Elroy Crazy Legs Hirsch
November 16, 2011 by staff
Elroy Crazy Legs Hirsch, Elroy “Crazylegs” Hirsch (June 17, 1923 – January 28, 2004) was an American football running back and receiver for the Los Angeles Rams and Chicago Rockets, nicknamed for his unusual running style.
Hirsch was born in Wausau, Wisconsin. He developed his running style running cross legged over four square cement sidewalk blocks in his home town. Hirsch played for legendary coach Win Brockmeyer during his time at Wausau High School.
Hirsch played his first college season with the University of Wisconsin Badgers in 1942. His nickname was permanently affixed to him by Chicago Daily News sportswriter Francis Powers who, upon witnessing him play for the Badgers against the Great Lakes Naval Station in 1942, wrote “His crazy legs were gyrating in six different directions, all at the same time; he looked like a demented duck.”
His commitment to the United States Navy V-12 program in United States Marine Corps required him to transfer to the University of Michigan. He played two intercollegiate football seasons for the Michigan Wolverines where during the 1943-44 year he earned the distinction of being the only athlete at the school to letter in four sports (football, basketball, track and baseball) in a single year. He was inducted into the College Football Hall of Fame in 1974.

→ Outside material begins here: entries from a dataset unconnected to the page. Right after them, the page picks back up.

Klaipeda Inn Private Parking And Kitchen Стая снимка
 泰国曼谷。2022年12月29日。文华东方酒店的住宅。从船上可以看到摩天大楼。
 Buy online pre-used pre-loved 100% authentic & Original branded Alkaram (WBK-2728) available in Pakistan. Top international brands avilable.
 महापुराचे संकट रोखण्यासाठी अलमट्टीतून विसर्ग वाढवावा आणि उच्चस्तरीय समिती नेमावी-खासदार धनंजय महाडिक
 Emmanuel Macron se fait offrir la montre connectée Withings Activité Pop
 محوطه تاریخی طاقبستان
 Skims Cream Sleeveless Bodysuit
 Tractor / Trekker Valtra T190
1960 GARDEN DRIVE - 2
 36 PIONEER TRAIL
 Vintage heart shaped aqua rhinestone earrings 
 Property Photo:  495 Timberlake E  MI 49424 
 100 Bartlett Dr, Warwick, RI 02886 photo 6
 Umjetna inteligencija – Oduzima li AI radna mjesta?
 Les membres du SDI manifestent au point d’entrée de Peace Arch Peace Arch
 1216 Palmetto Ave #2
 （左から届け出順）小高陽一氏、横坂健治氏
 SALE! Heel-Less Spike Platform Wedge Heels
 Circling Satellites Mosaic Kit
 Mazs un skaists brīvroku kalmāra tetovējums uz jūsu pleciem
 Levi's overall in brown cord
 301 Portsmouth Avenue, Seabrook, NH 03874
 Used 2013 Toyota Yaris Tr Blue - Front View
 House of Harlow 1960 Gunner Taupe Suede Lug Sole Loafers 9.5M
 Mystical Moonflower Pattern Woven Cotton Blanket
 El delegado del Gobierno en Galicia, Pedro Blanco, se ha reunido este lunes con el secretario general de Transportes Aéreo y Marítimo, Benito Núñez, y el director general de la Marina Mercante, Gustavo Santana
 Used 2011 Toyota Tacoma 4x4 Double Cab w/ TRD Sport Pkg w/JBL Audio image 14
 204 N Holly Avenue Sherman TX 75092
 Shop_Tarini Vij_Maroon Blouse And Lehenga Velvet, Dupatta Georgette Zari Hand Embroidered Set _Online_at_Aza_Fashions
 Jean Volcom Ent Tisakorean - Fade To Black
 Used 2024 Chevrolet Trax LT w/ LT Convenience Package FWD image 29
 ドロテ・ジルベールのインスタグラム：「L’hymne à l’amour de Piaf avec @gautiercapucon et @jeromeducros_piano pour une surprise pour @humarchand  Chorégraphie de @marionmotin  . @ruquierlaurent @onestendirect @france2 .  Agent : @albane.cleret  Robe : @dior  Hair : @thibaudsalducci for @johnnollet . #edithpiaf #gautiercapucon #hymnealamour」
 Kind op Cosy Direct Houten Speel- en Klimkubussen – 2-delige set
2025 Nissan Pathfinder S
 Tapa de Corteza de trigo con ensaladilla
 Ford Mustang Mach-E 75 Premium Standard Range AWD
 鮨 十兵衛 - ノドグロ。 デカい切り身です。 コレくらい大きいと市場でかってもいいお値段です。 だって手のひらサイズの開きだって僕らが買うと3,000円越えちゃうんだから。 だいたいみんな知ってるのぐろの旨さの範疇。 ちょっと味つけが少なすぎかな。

Hirsch was drafted by the Chicago Rockets of the All-America Football Conference, where he played from 1946 to 1948, in three injury-prone seasons. After the Rockets and the AAFC merged with the NFL, he joined the Los Angeles Rams through 1957, where he gained his fame. Coach Clark Shaughnessy made Hirsch the first full-time “flanker” in NFL history, splitting the talented receiver outside from his previous halfback position. Additionally, he was one of the first to sport the molded plastic helmet that is the industry standard today in the NFL, which Coach Shaughnessy fitted for him as a precaution, as he was injured when first joining the Rams.